WORK TO COMPLETE => All of the listing, from first line to last, should be output exactly; the pictures stay out.

DATA SECTION =>

- Opening Delimiter -

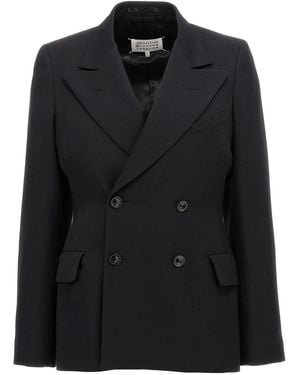 Maison Margiela Tailored Double-Breasted Wool Blazer - Black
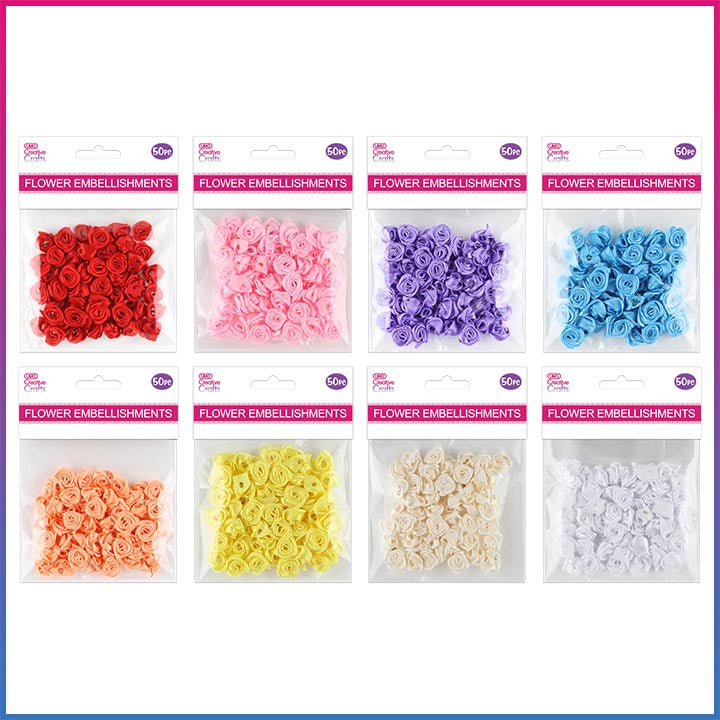 FLOWER CRAFT MINI ROSE; 50PC 1.5CM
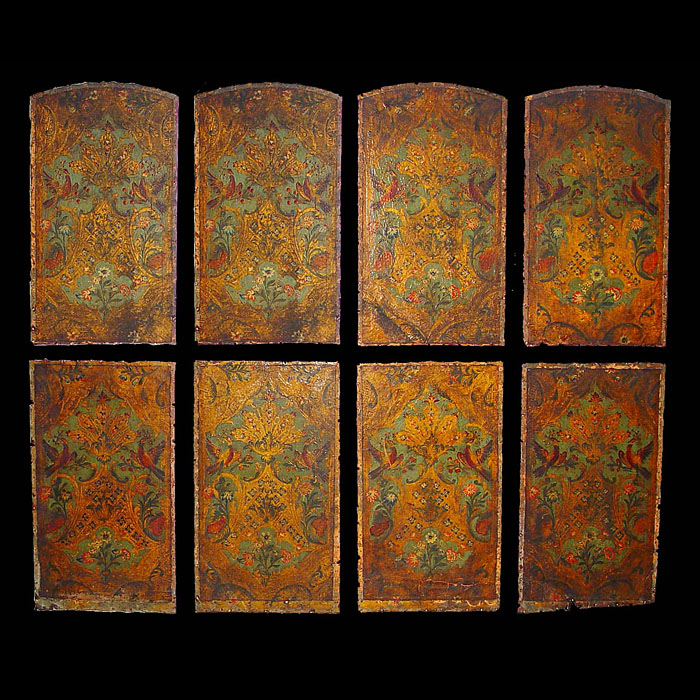 A set of Victorian embossed and leather panels    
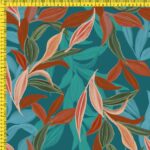 Tropical seamless pattern with colorful leaves with hand drawn.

- Closing Delimiter -

TASK SOLUTION =>
 Maison Margiela Tailored Double-Breasted Wool Blazer - Black
 FLOWER CRAFT MINI ROSE; 50PC 1.5CM
 A set of Victorian embossed and leather panels    
 Tropical seamless pattern with colorful leaves with hand drawn.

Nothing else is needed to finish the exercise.